─── Dataset extract ───

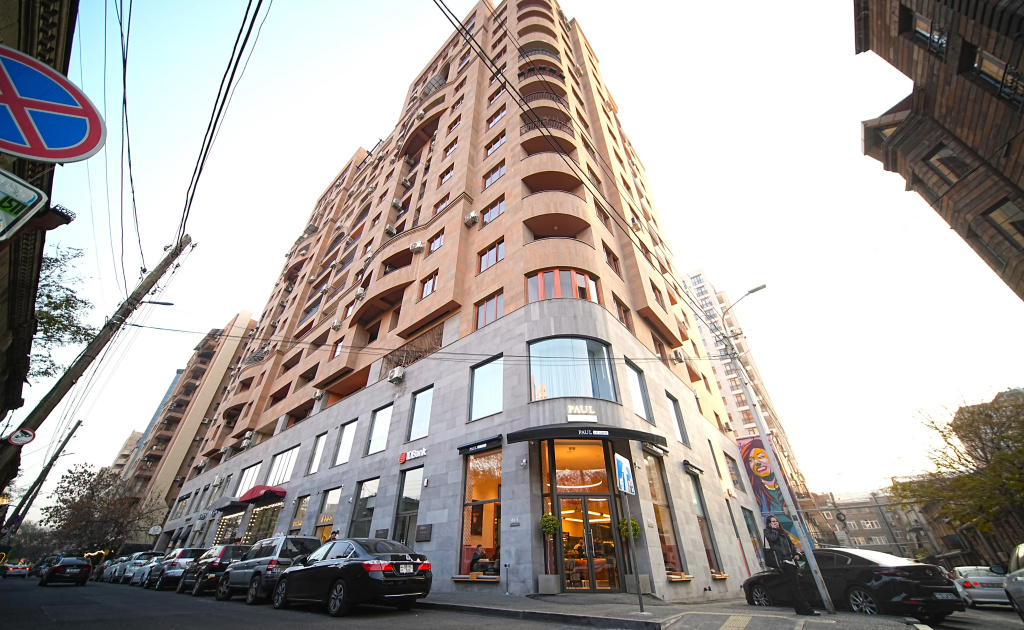 Ararat view in the center of Erevan by Sweet Home Apartments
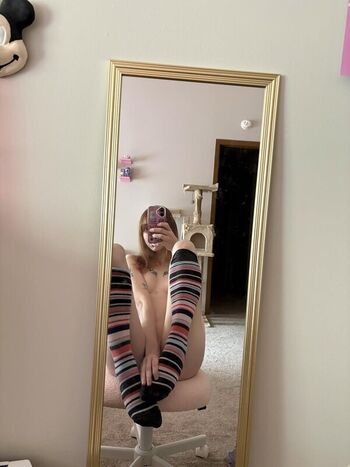 Full leaked Sadgalkenz page private onlyfans photo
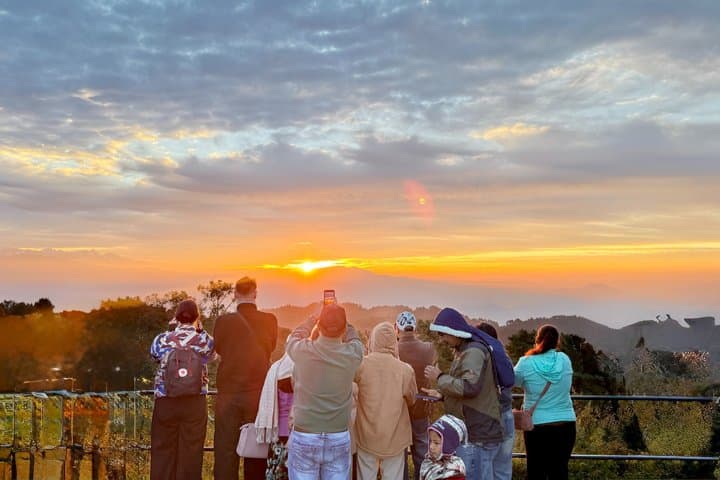 Bhaktapur & Nagarkot Day Tour with Lunch – Private / Group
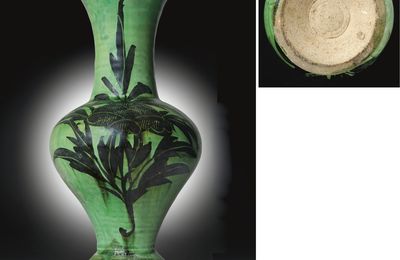 An outstanding Cizhou green-glazed painted baluster vase, Song-Jin Dynasty, 12th Century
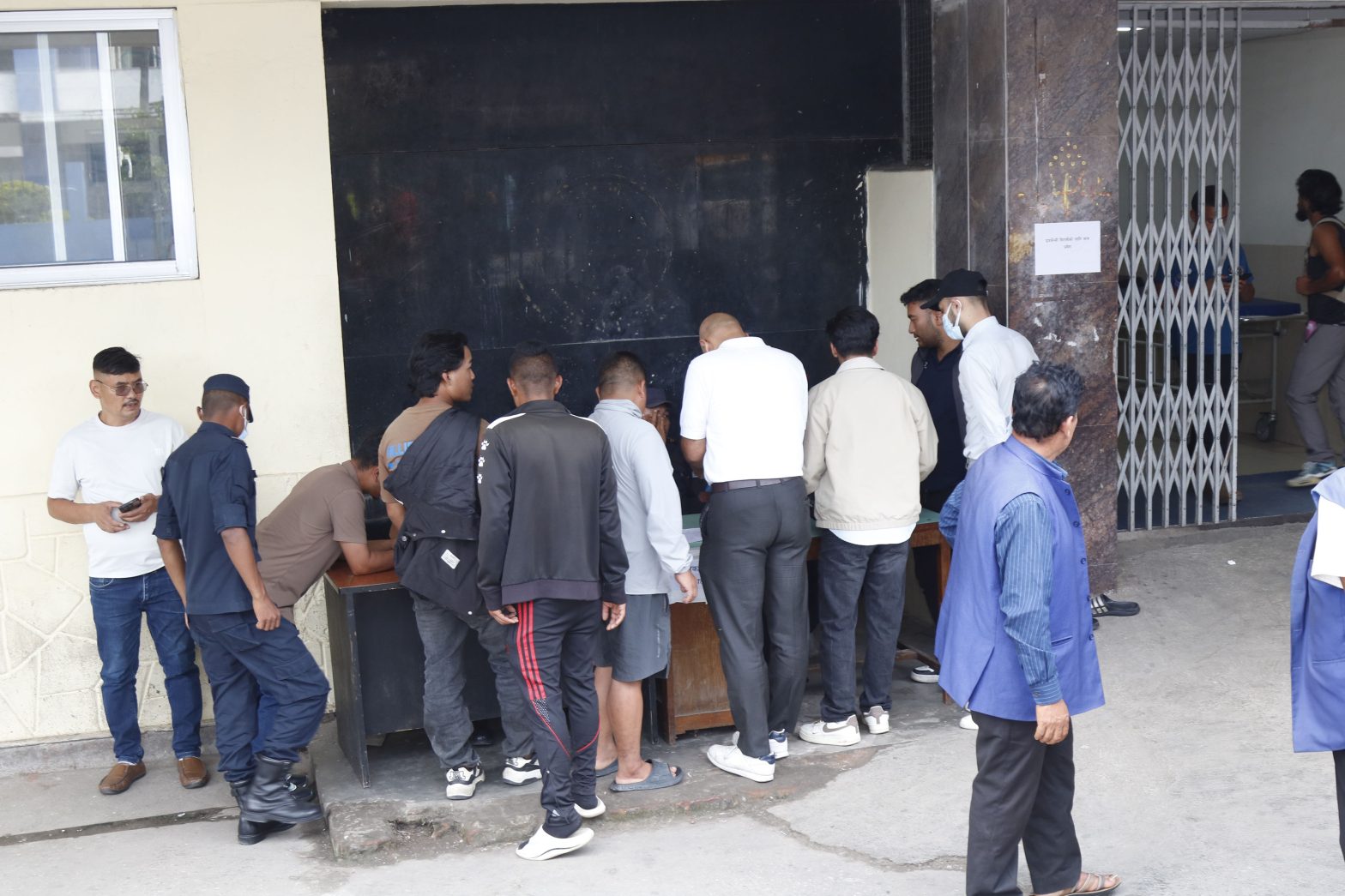 भोटेकोशी बाढीः त्रिवि शिक्षण अस्पतालमा २४४ शव ल्याइयो, १६१ को अस्थायी व्यवस्थापन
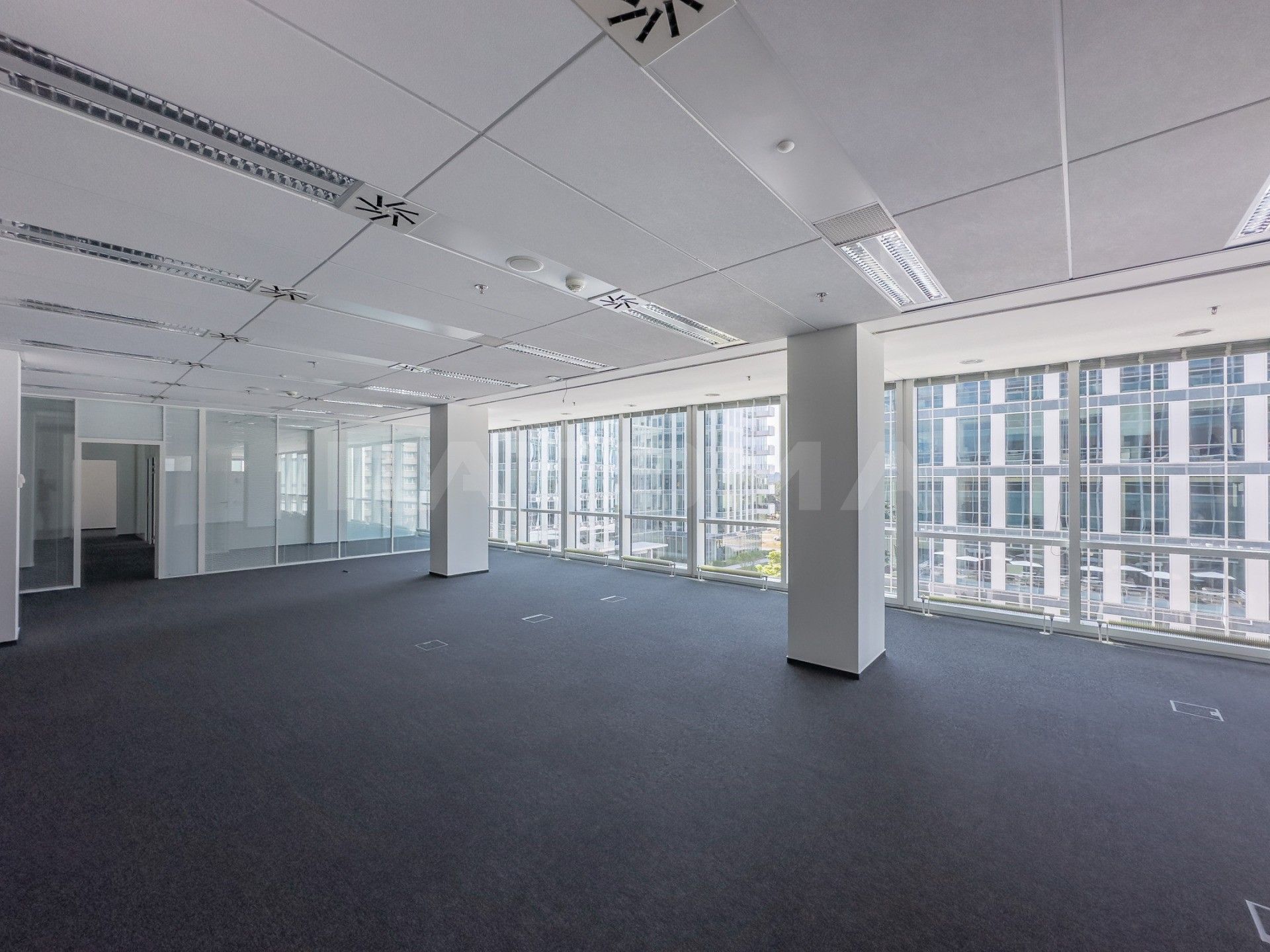 Pronájem kancelář - Hvězdova, Praha, 240 m²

───

▶ [Exercise goal] Every entry above needs to be duplicated exactly, without its images.

▶ [Task response]
 Ararat view in the center of Erevan by Sweet Home Apartments
 Full leaked Sadgalkenz page private onlyfans photo
 Bhaktapur & Nagarkot Day Tour with Lunch – Private / Group
 An outstanding Cizhou green-glazed painted baluster vase, Song-Jin Dynasty, 12th Century
 भोटेकोशी बाढीः त्रिवि शिक्षण अस्पतालमा २४४ शव ल्याइयो, १६१ को अस्थायी व्यवस्थापन
 Pronájem kancelář - Hvězdova, Praha, 240 m²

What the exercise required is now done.